Alternative ID Type	Dropdown	Conditional	Shown alongside Alternative ID. Options: BIC, DUNS, National registration number, Tax ID/VAT, Other
Intragroup Entity	Checkbox	Optional	Tick if this provider is part of your corporate group. Affects template B_02.03 (intra-group arrangements).
Criticality	Radio buttons	Required	Three options with distinct colour styling: Critical (red), Important (amber), Supporting (blue). This directly maps to DORA's tiered approach to oversight.
Person Type	Radio buttons	Required	Two options: Legal person or Natural person. Most providers are legal persons.
Ultimate Parent ID	Text input	Optional	The identifier of the provider's ultimate parent entity, if applicable.
Ultimate Parent ID Type	Dropdown	Optional	Options: Not applicable, LEI, BIC, DUNS, National registration, Tax ID, Other
Contact Name	Text input	Optional	Name of the primary contact at the provider.
Contact Email	Text input	Optional	Email address of the primary contact.
Notes	Textarea	Optional	Free-text notes about the provider. Useful for recording context, relationship history, or special considerations.

LEI Lookup Feature

Instead of manually entering the LEI, you can use the LEI Lookup feature:

Step 1: Open the lookup modal

Click the "Search GLEIF" button next to the LEI field. A modal dialog will appear with a search box.

Step 2: Search for the entity

Type the provider's name or LEI code. The search is debounced at 400ms, meaning it waits 400 milliseconds after you stop typing before sending the query to the GLEIF API.

Step 3: Review the results

Each result displays:

Country badge — the two-letter country code
Legal name — the officially registered name
Trading name — the name the entity trades under, if different
LEI code — the 20-character identifier
City and country — registered address
Entity status badge — Active (green) or Inactive (red)
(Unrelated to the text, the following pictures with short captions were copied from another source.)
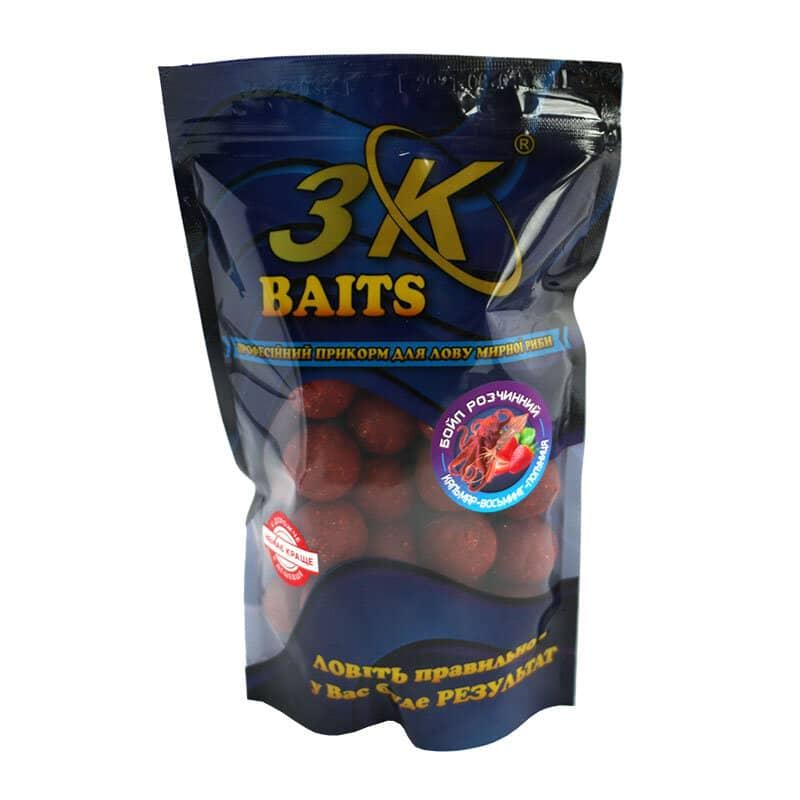 Бойл растворимый 3KBaits Кальмар-осьминог-клубника 24 мм 400 г (3KB1280)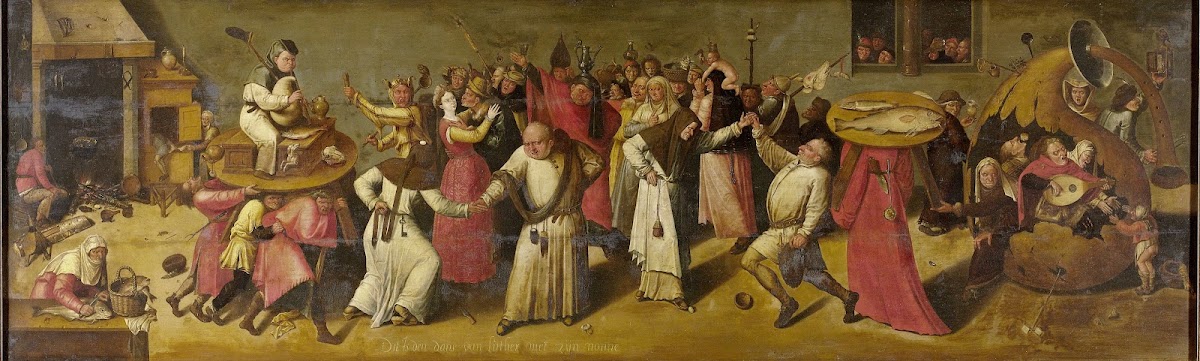 Battle between Carnival and Lent c 1600   c 1620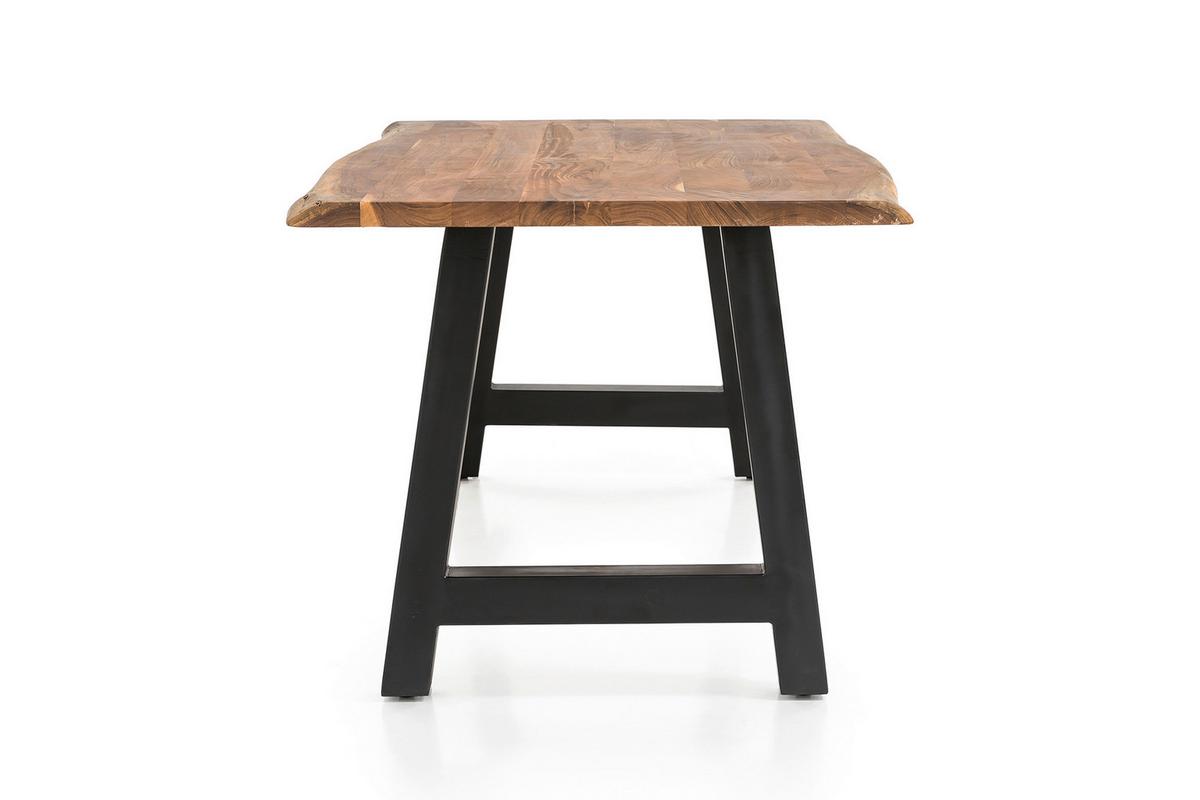 Esstisch Naturfarben/schwarz B: 140 Cm - Schwarz/Naturfarben, MODERN, Holz/Metall (140/80/76,5cm) - Livetastic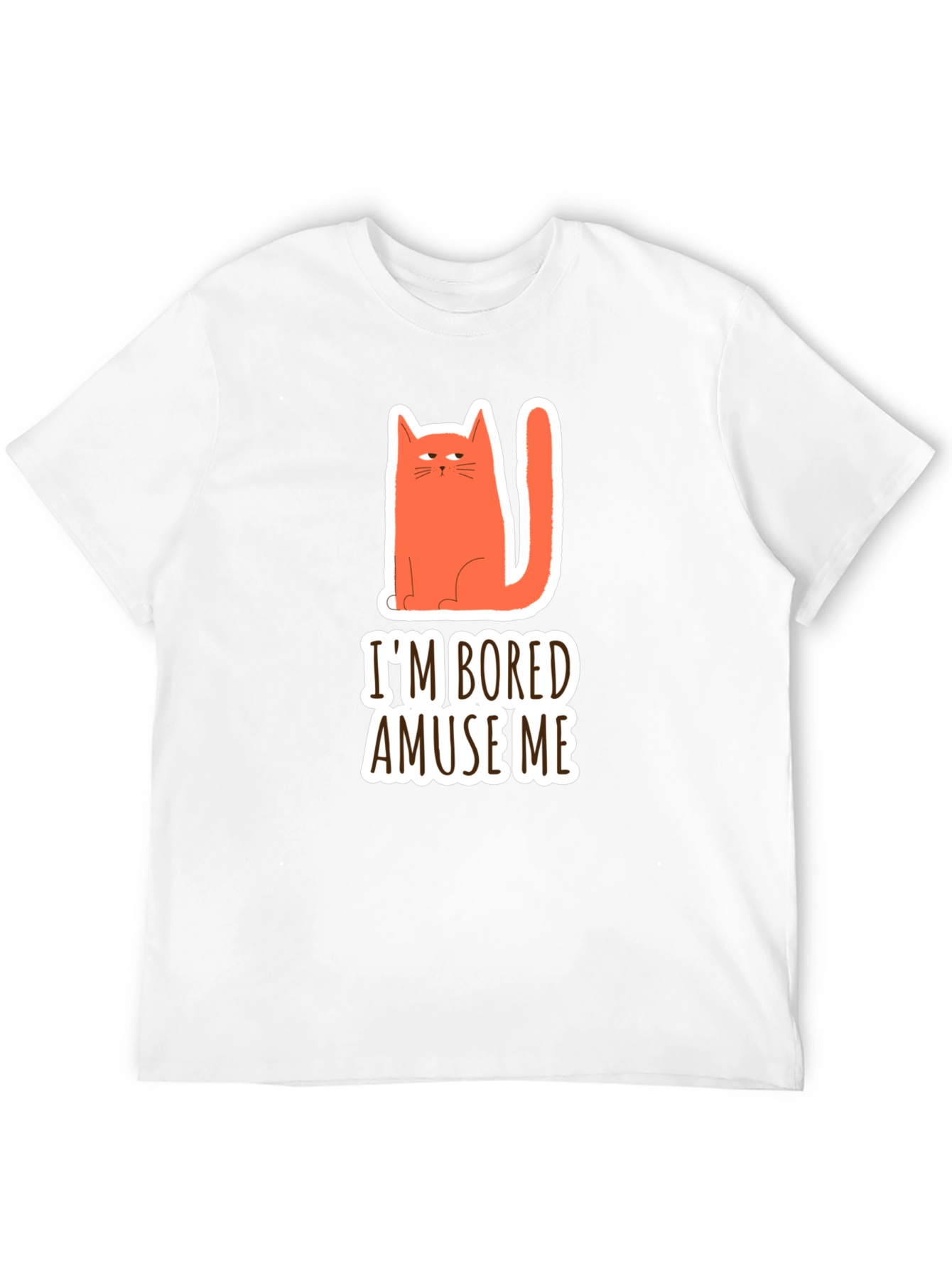 Bored Cat Graphic T-Shirt - Amuse Me!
Step 4: Select and auto-fill

Click on a result to automatically populate the LEI, Legal Name, and Headquarters Country fields in the provider form.

ℹ️

The LEI Lookup queries the GLEIF public API in real time. Ensure you have internet connectivity. If the provider does not have an LEI, you can use the Alternative ID fields instead.

Provider Detail Page

After saving a provider, you are taken to the provider detail page. This page shows all the information you entered and provides additional features.

CTPP Classification

The Critical Third-Party Provider (CTPP) Classification feature helps you determine whether a provider may be designated as critical by the European Supervisory Authorities under DORA Art 31.

Step 1: Trigger the calculation

Click the "Calculate CTPP Score" button on the provider detail page.

Step 2: Review the weighted score

The system calculates a weighted score from 0 to 10 based on factors including criticality, number of linked contracts, number of critical functions supported, concentration risk indicators, and substitutability.

Step 3: Examine the breakdown

A detailed breakdown is shown with colour-coded bars for each factor. The bars use a gradient from green (low risk) to red (high risk).

Related Records

The provider detail page also shows links to all related records:

Contractual Arrangements — all contracts associated with this provider
Risk Assessments — all risk assessments completed for this provider

💡

Keep your provider records up to date. Changes to a provider's criticality or status will ripple through to your concentration risk analysis and compliance scoring.